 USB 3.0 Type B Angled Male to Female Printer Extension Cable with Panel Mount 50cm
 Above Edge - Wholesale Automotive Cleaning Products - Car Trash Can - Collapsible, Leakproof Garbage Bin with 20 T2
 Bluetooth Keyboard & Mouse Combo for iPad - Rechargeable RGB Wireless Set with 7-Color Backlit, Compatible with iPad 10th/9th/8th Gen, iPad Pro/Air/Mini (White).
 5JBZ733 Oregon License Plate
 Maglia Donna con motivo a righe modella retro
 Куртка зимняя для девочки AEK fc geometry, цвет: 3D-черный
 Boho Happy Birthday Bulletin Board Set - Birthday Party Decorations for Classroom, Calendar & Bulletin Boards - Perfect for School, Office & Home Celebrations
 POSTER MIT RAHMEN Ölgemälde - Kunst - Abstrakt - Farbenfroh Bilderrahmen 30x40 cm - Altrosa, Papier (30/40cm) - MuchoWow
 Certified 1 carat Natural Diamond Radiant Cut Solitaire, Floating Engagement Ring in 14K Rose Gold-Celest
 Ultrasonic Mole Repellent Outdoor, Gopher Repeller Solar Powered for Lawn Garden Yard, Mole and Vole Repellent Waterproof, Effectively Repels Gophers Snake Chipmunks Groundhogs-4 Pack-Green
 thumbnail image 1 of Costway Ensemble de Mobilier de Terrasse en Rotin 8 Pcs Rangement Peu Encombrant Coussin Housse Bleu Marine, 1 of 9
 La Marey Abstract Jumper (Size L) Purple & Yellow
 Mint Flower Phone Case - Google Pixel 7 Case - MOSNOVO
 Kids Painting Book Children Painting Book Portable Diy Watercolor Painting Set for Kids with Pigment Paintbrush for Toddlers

━━━

- _Task directions_
Go through the data, and copy each line in which the word "with" appears.

- _Result for this task_
 USB 3.0 Type B Angled Male to Female Printer Extension Cable with Panel Mount 50cm
 Above Edge - Wholesale Automotive Cleaning Products - Car Trash Can - Collapsible, Leakproof Garbage Bin with 20 T2
 Bluetooth Keyboard & Mouse Combo for iPad - Rechargeable RGB Wireless Set with 7-Color Backlit, Compatible with iPad 10th/9th/8th Gen, iPad Pro/Air/Mini (White).
 Kids Painting Book Children Painting Book Portable Diy Watercolor Painting Set for Kids with Pigment Paintbrush for Toddlers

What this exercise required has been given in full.